Il lavoro della Yesiltac (performance, fotografia, video) è fondamentalmente mirato a creare immagini di notevole impatto emotivo attraverso rappresentazioni o interpretazioni intrise di una grazia misurata e, al contempo, di una spiazzante forza espressiva. La sua ricerca è guidata da una poetica votata all’apertura di fratture temporali che permettono allo sguardo di focalizzarsi sul microcosmo dell’individualità e di portare alla luce non tanto caratteristiche e peculiarità del personaggio interpretato o di luogo, quanto semmai la loro anonimia e la loro universalità, sollecitando nello spettatore un coinvolgimento graduale ma imprescindibile.
Il progetto MONOUNIVERSO, che la Yesiltac ha appositamente ideato per lo spazio de l’Union, consiste in una sorta di narrazione visuale suddivisa in due atti: la performance e l’esposizione dei lavori fotografici, entrambi collegati al più ampio progetto Blue Box World in cui l’artista è impegnata dal 2003 e che, attraverso differenti esercizi di composizione tra la propria figura (il suo farsi essere anonimo) e differenti livelli di realtà (naturale, sintetica, virtuale), è volto a creare una galleria di tableaux vivants capaci di dare vita a cortocircuiti visivi tra mondo reale e mondi immaginari, presentando in modo sempre diverso il confronto tra individuo e società, tra sfera personale e universo pubblico.

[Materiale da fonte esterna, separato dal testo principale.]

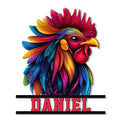 Colorful rooster metal sign featuring vivid layered feathers, a bright comb, and bold farmhouse chicken decor styling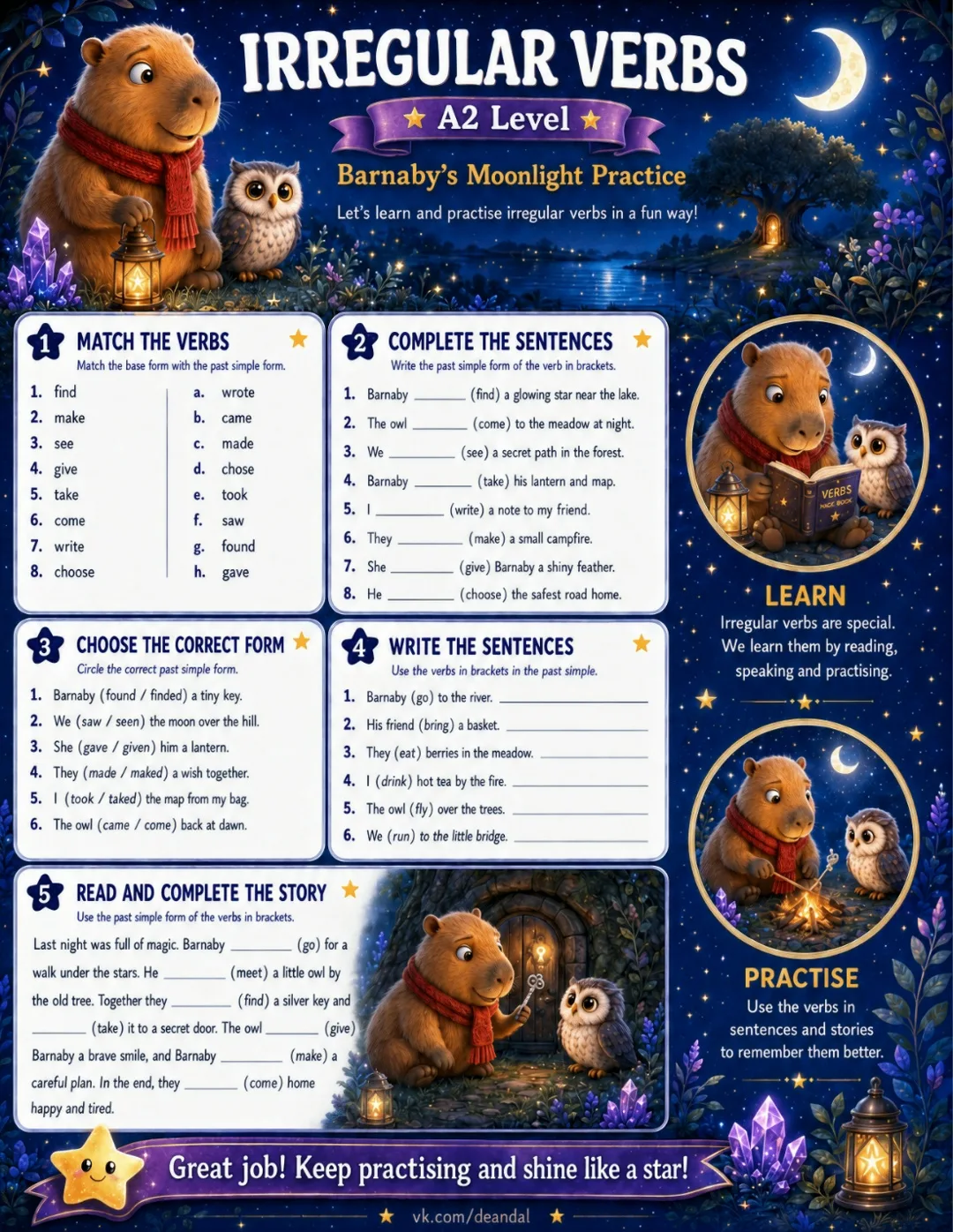🦫 IRREGULAR VERBS — «Barnaby's Moonlight Practice» 

Неправильные глаголы — головная боль почти каж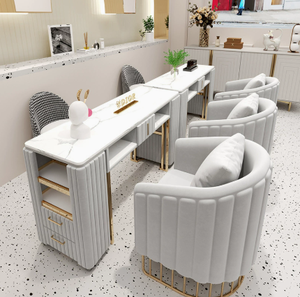 Juego de mesa y silla para salón de uñas con aspiradora, mesa de manicura, salón de belleza, sofá, mesa y silla - Product Image 5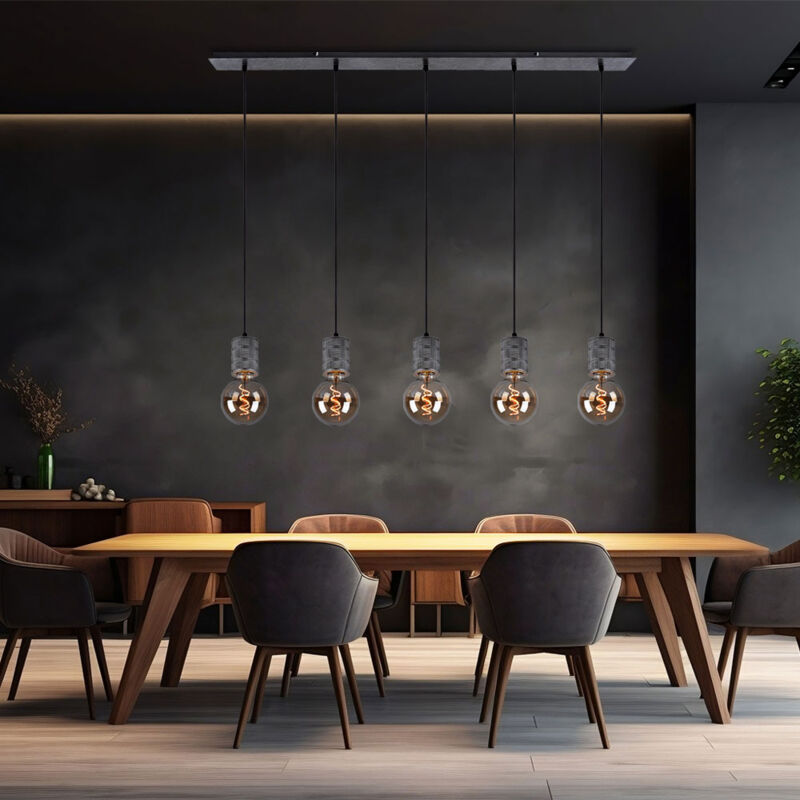 Lampe de salle à manger, suspension argentée antique, réglable en hauteur, 5 ampoules, métal aluminium, 5x E27, LxlxH 115x10x120 cm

Il bianco, questa volta, è il colore non-colore predominante assunto come rappresentazione dello zero-point, come simbolo di rassegnazione, in modo particolare, dell’arte, metafora dell’ignoto e del non manifesto, ma anche ideale punto di partenza (se il bianco polare nell' opera di H. Melville simbolizza l'indefinito, nelle arti il foglio bianco, la tela candida o il white noise alludono al momento di impasse della creazione). Nella performance di Viola Yesiltac l’ambientazione nautica (la presenza dell’acqua e della campana da barca) intende riportare all’idea del viaggio intrapreso dall’uomo per tentare di rispondere all'enigma della realtà, manifesta ed interiore. Riprendere il sentiero e attraversare simbolicamente il mare per lasciare nel mondo nuova traccia di sé e del suo pensiero. Il suono, come lo squillo della campana restituiscono il valore del tempo, il qui e ora dell’azione che si perpetua restituendo allo spettatore la coscienza del presente.
Scandita da minime variazioni di espressione e di posa, la performance, il cui set invaderà l’intero spazio espositivo, presenta l’artista stante di fronte ad un fondale costituito da una carta da parati e contornata da oggetti simbolici, personali, disegni. La semi-immobilità del suo corpo, lo scorrere lento del tempo che intercorre tra un’azione e un’altra e il forte contrasto tra la figura reale e lo sfondo, suscitano nell’osservatore l’impressione di assistere ad una ipnotica serie di non-eventi estremamente narrativi. I timidi accenni di movimento producono posture che, susseguendosi, liberano progressivamente un’energia vitale ma silenziosa, la stessa che anima l’universo nascosto dell’interiorità e che solitamente emerge nei momenti di solitudine, di non-azione. L’anonimato che l’artista si auto conferisce (vestendo nel modo meno appariscente possibile e presentandosi preferibilmente di spalle) contribuisce ad accrescere l’idea di universalità del ruolo che interpreta, il microcosmo privato, l’individualità di ognuno che, messa a confronto con il macrocosmo della realtà, si rivela in tutta la sua vulnerabilità. Nelle immagini fotografiche questi attimi di poetica interazione tra la figura femminile anonima e il mondo si svolgono outdoor: il background non è più quindi il paesaggio statico e immutato di un poster, quello monocromo del croma-key o una carta da parati vintage ma i dinamici e mutevoli scorci di una foresta, del mare, della campagna. Come finestre aperte sul mondo, le fotografie mostrano la totale fusione tra due universi paralleli e il loro coesistere in un’unica, dilatata sospensione dello spazio e del tempo. In mostra sarà presentata anche un’installazione fotografica progettata dall’artista come un album di scatti che come flashes mnemonici appaiono casualmente aggregati e ripercorsi. Anche in questo ciclo di immagini (50 scatti di piccolo formato realizzati dall’artista in diverse città: Roma, New York, Berlino, ecc.) la presenza umana opta per l’anonimato: si sovrappone al paesaggio quasi per default, o si esprime attraverso tracce, indizi labili che involontariamente consegna al territorio e alla realtà quotidiana e che rivelano una sua congenita appartenenza al sistema fenomenico universale.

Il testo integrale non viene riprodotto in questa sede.